ASSIGNED TASK — Nothing but the lines from the one showing "RED JADEITE JADE" through the final line of the data below belongs in the answer, duplicated exactly and without pictures.

DATA TO USE —
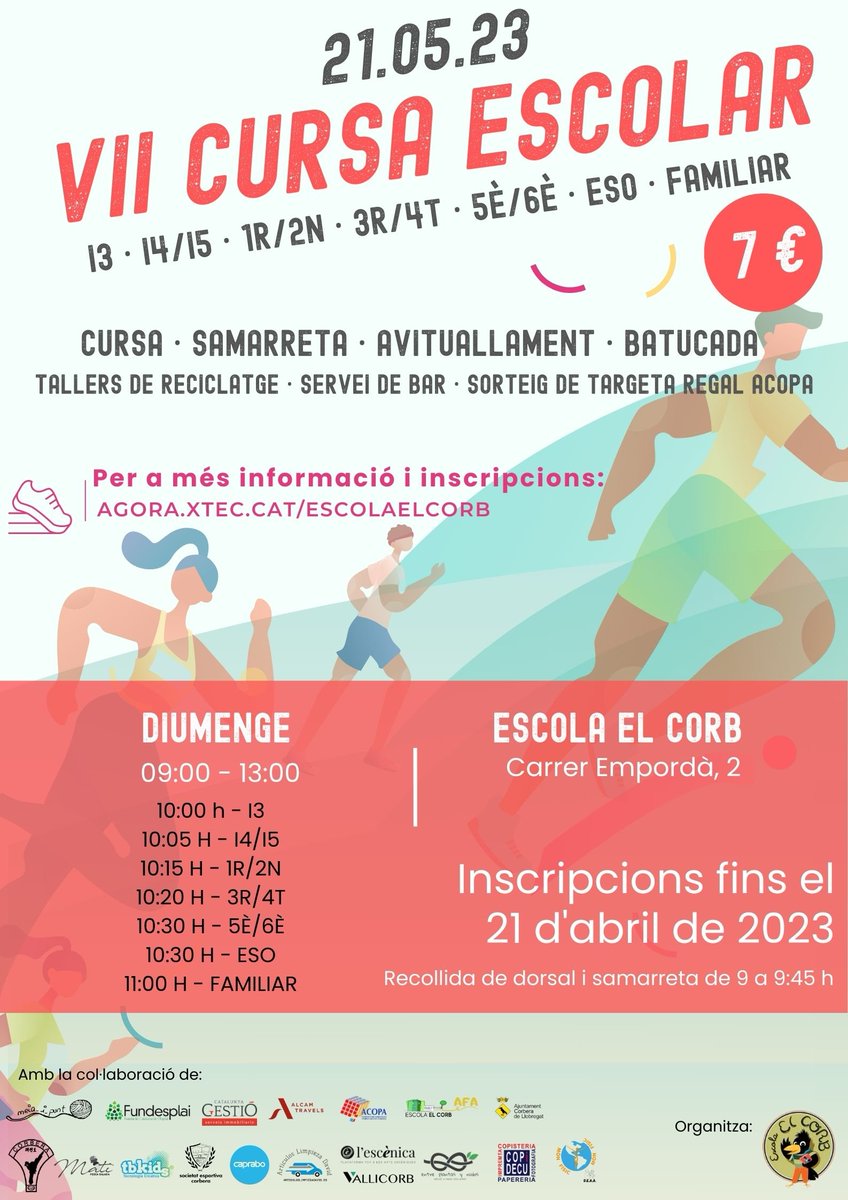 afaescolaelcorb's tweet photo. Com cada any, el proper 21de maig torna la Cursa Escolar del Corb! Hi trobareu tallers de reciclatge, batucada, servei de bar..I aquest any sortejarem una targeta regal de 50€ de l’ACOPA per a tots els participants. Així que, us hi esperem! Per animar, passar-ho bé i fer pinya https://t.co/QomrsYgBZw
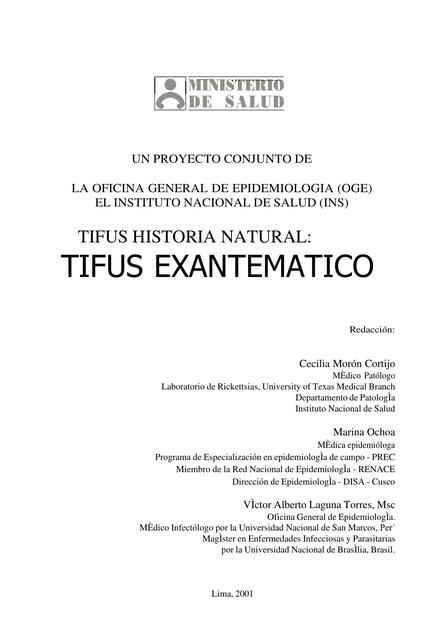 Tifus Historia Natural Tifus Exantemático Medicina y Farmacia uDocz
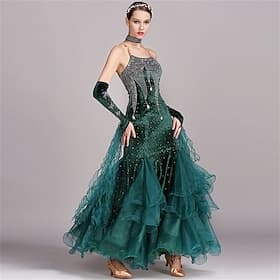 abito da ballo da sala da donna, verde smeraldo, in organza di velluto a rete con strass, a strati, per tango, valzer, foxtrot, competizione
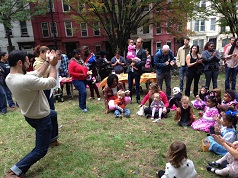 Teachers, parents, children interacting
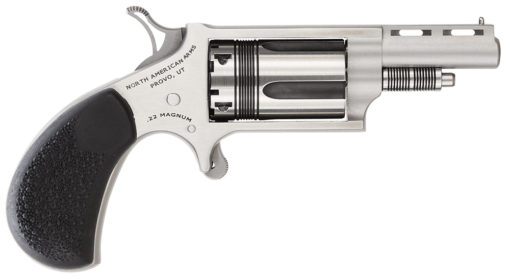North American Arms 22MTW Wasp  22 Mag 5rd 1.63" Overall Stainless Steel with Black Pebbled Rubber Grip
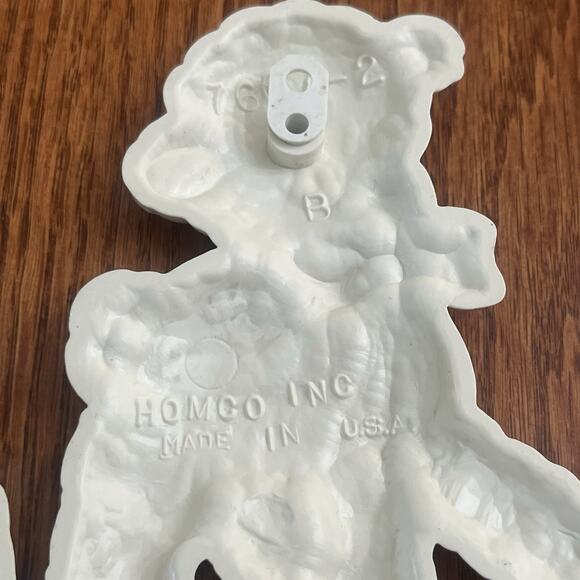 Vintage 2pc Set Homco Baby Lambs Pink & Blue Bows Nursery Wall Decor 4" - Picture 6 of 7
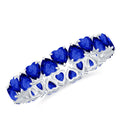 Heart Shape Lab Created Blue Sapphire Eternity Ring, 925 Sterling Silver Z98043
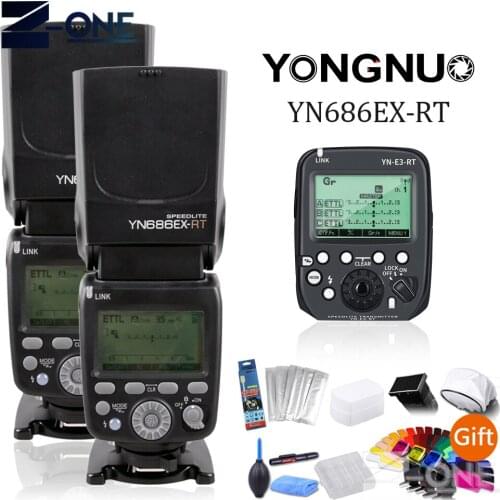 YONGNUO 2PCS YN686EX-RT 2.4G TTL HSS Flash Speedlite +YN-E3-RT Controller for Canon 5DIV 5D3 5D2 7D Mark II 6D 1D X Mark II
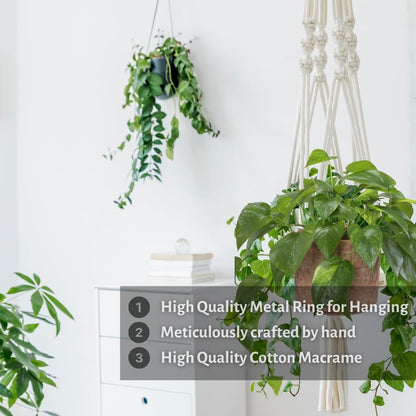 feedee Macrame Plant Hangers Indoor Macrame Hanging Planters for Indoor Plants, 6 Pack Hanging Plant Holders Indoor Hanging, Macromay Plant Hangers for Indoor Plant Hanger, Outdoor Flower Pots Holder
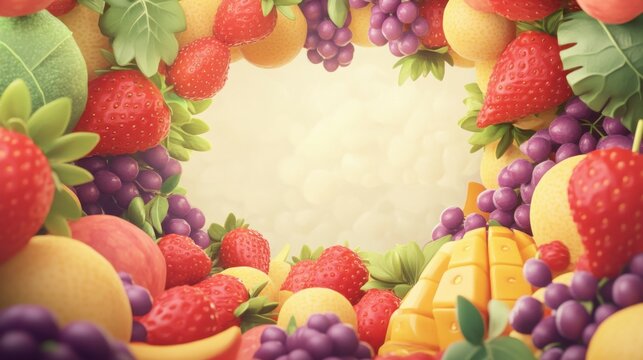 A juicy mix of cartoon fruits, such as strawberries, grapes, and watermelons, arranged on a plain-colored background with room for text.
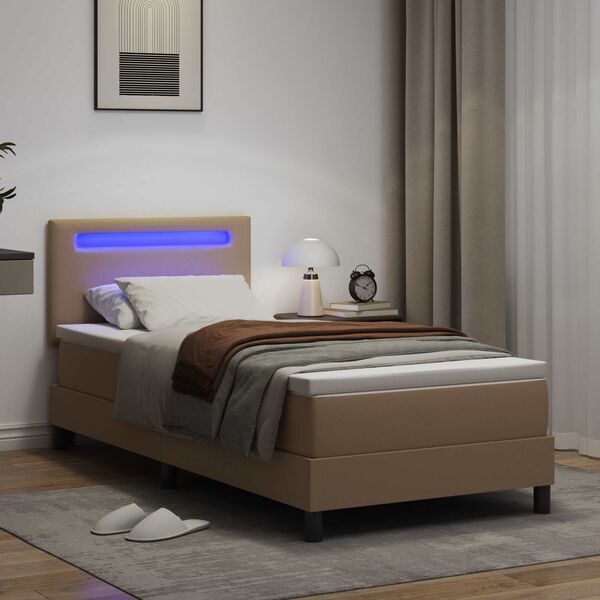 vidaXL Lit &agrave; ressorts avec matelas Cappuccino 90 x 200 cm Simili cuir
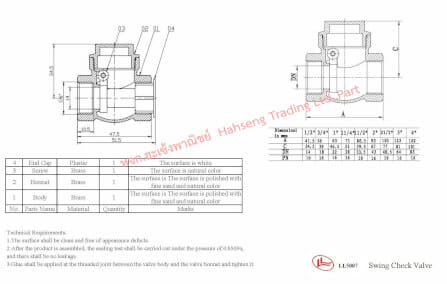 สวิงเช็ควาล์วทองเหลือง LL5007 2-1/2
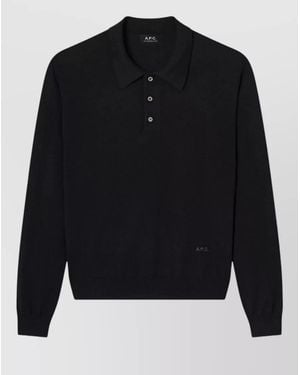 A.P.C. Riou Polo Shirt Collar Ribbed Cuffs Hem - Blue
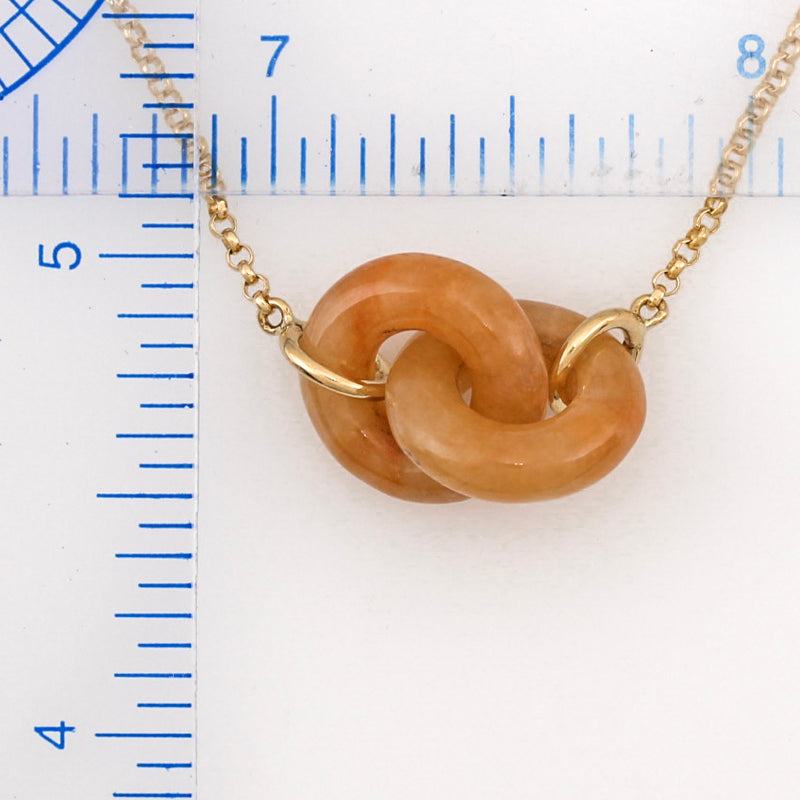 RED JADEITE JADE 18K YELLOW GOLD DOUBLE INTERLOCKING RINGS NECKLACE UPC #382206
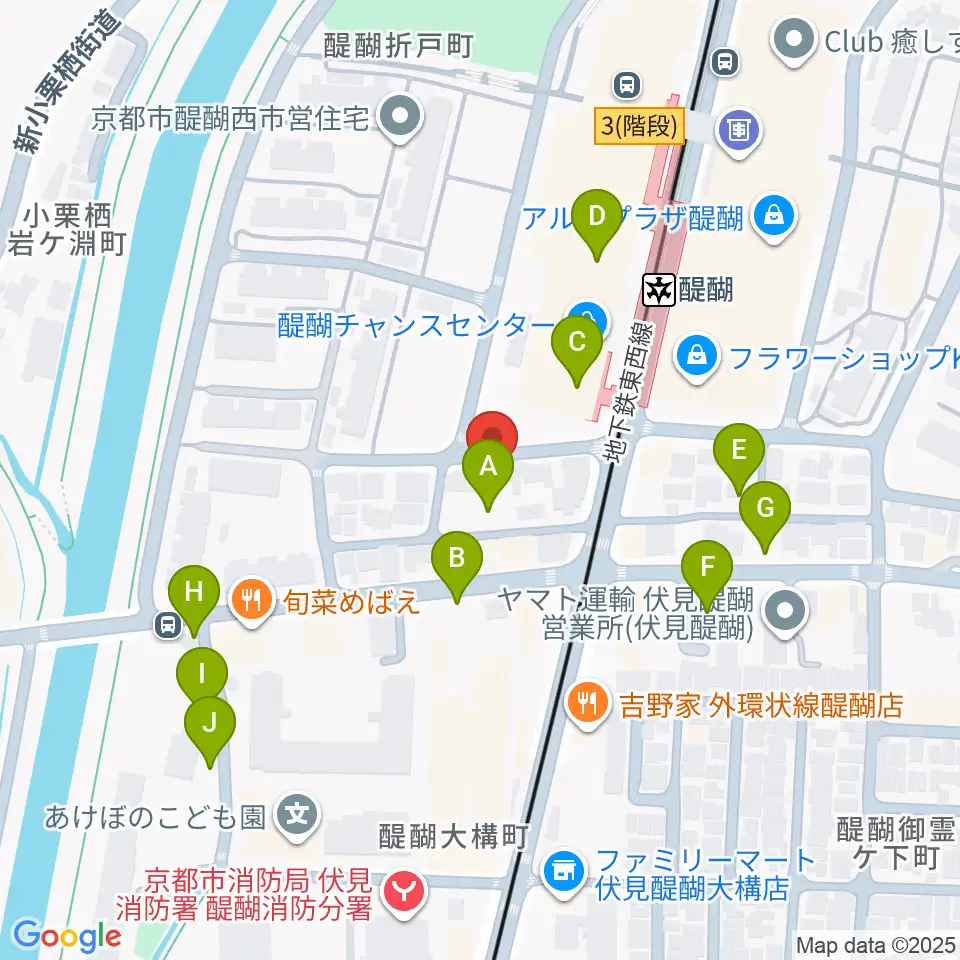 醍醐カルチャーセンター周辺の駐車場・コインパーキング一覧地図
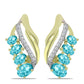Goldplattierte Silberohrringe mit Paraiba Quarz und weißem Topas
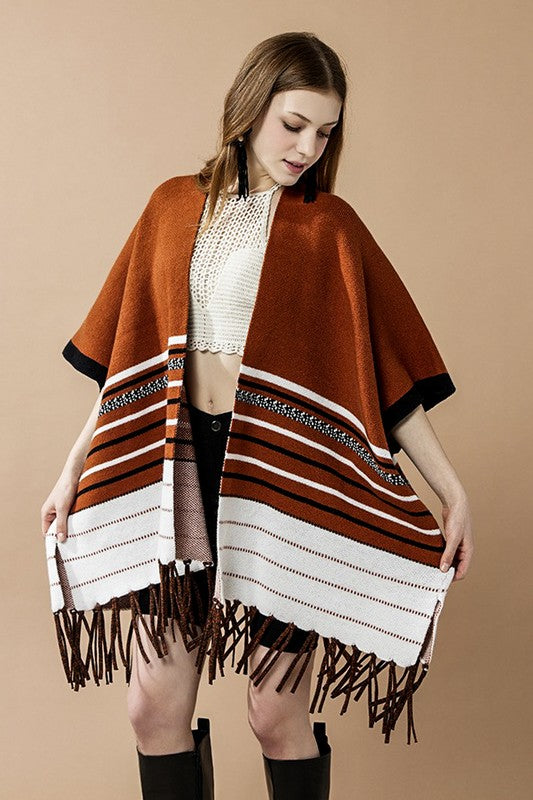 Western Striped Fringed Ruana Poncho Cardigan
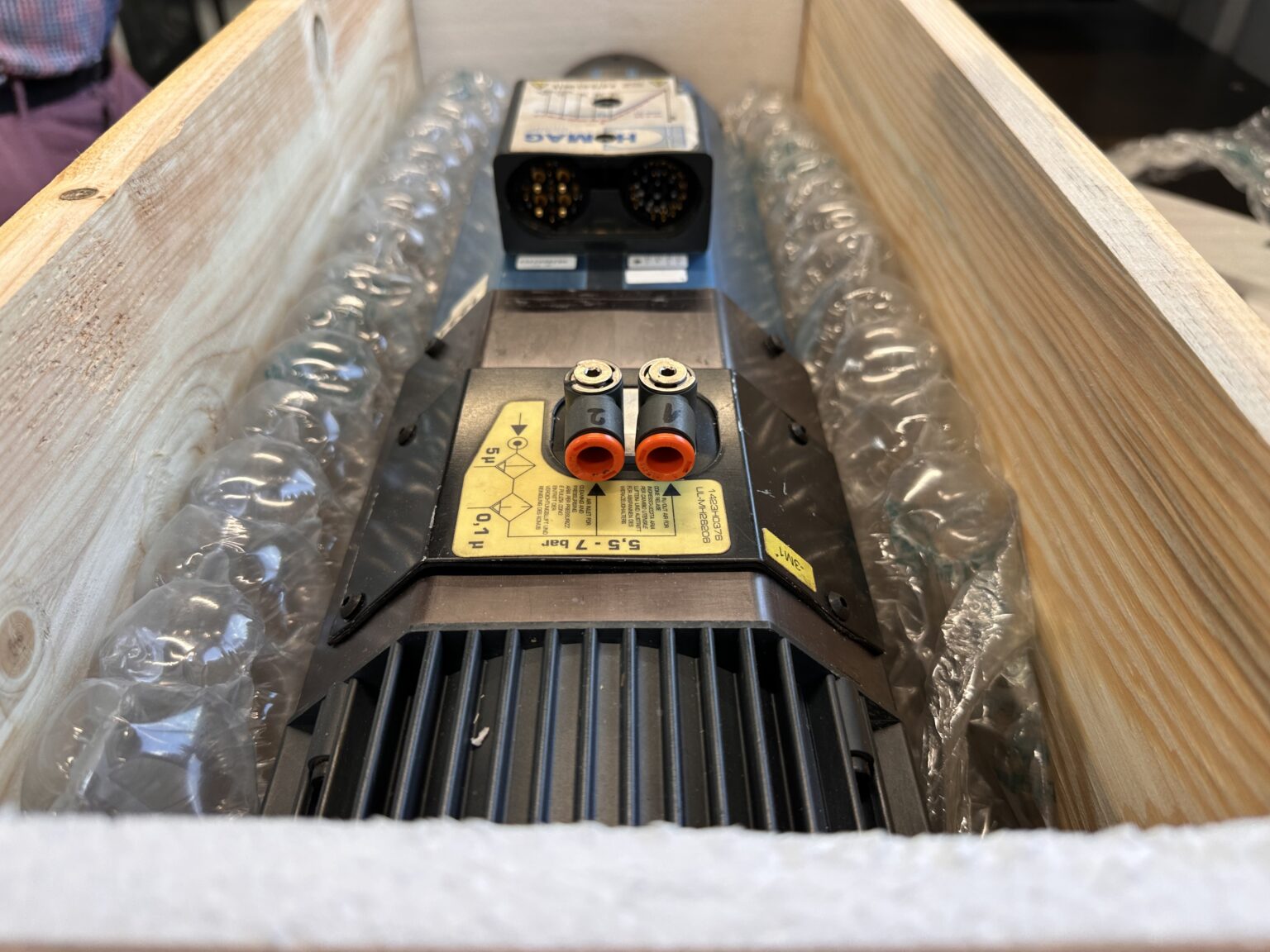 HOMAG SKF spindel uit Weeke Venture 1M beveiligd voor transport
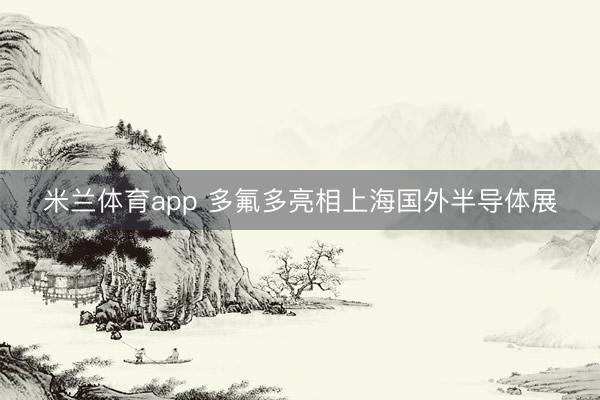 米兰体育app 多氟多亮相上海国外半导体展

RESPONSE TO THIS EXERCISE —
 RED JADEITE JADE 18K YELLOW GOLD DOUBLE INTERLOCKING RINGS NECKLACE UPC #382206
 醍醐カルチャーセンター周辺の駐車場・コインパーキング一覧地図
Goldplattierte Silberohrringe mit Paraiba Quarz und weißem Topas
 Western Striped Fringed Ruana Poncho Cardigan
 HOMAG SKF spindel uit Weeke Venture 1M beveiligd voor transport
 米兰体育app 多氟多亮相上海国外半导体展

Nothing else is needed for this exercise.